What is required: Lift out, unaltered, the lines of the material below between the line holding "Stüssy Fuzzy Dice" and the line holding "Euromince mince 2", counting both.

START Data

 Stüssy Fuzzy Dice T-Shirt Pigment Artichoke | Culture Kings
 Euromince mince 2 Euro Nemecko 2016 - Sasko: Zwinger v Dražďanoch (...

END Data
START Data

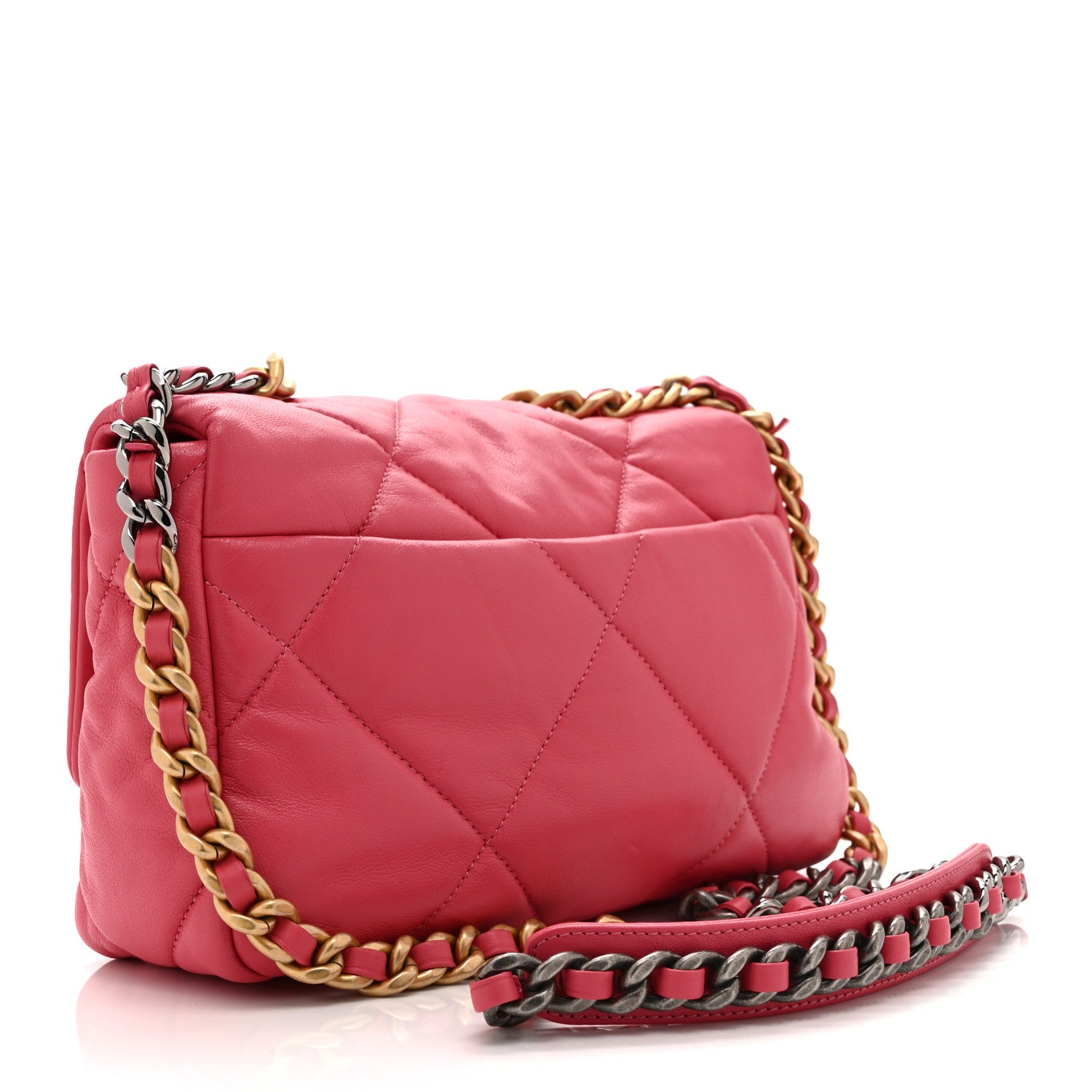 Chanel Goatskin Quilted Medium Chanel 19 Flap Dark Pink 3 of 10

END Data

Completed exercise:
 Stüssy Fuzzy Dice T-Shirt Pigment Artichoke | Culture Kings
 Euromince mince 2 Euro Nemecko 2016 - Sasko: Zwinger v Dražďanoch (...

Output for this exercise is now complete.